The Department of Information and Communications Technology (DICT) is in the final stages of preparing the common tower policy for eventual affirmation and signing.
The policy is a significant move that will enable market-driven forces to improve telecommunication services but also to rationalize the telecom industry to the point of yielding sizable economic benefits for the country.
The top of the line impact on the country’s economy is the huge investments that this policy will generate.
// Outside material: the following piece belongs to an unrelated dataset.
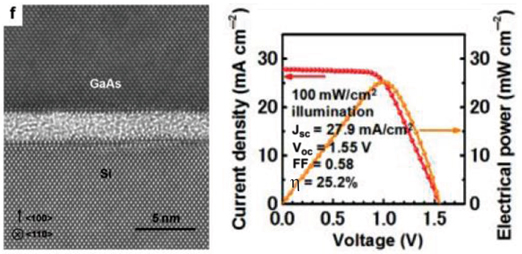 Figure 14
(a) Cross-sectional TEM image of direct-bonded p+-GaAs/p+-Si heterointerface solar cell structure grown on Si substrate, and (b) J–V characteristic of the 2J Al0.1Ga0.9As/Si solar cell realized using direct-bonding, reprinted with permission from Tanabe, Watanabe, and Arakawa (2012). Copyright 2012, Macmillan Publishers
Gross income is estimated to reach $4 billion or about P200 billion.
These investments will also provide employment to thousands of Filipinos.
An estimated 10 to 25 million workers with different skills will be needed to build 50,000 towers over the years based on about 200 to 500 workers per tower.
Acting DICT Secretary Eliseo Rio Jr. is positive about the rationalization of the telcos, which will accrue to the benefit of millions of subscribers.
He expects the savings of these telcos from the shared facilities to be used instead to improve services to their subscribers.
The telcos will just lease the shared towers and what they saved should be reallocated to their capital expenditures, he said.
Local government units that will host the towers will get additional revenues from the issuance of permits and payment of various taxes.
The construction of 5,000 towers annually over the next seven to 10 years to reach the target of 50,000 towers is expected to make the Philippines’ broadband services at par with those of other countries.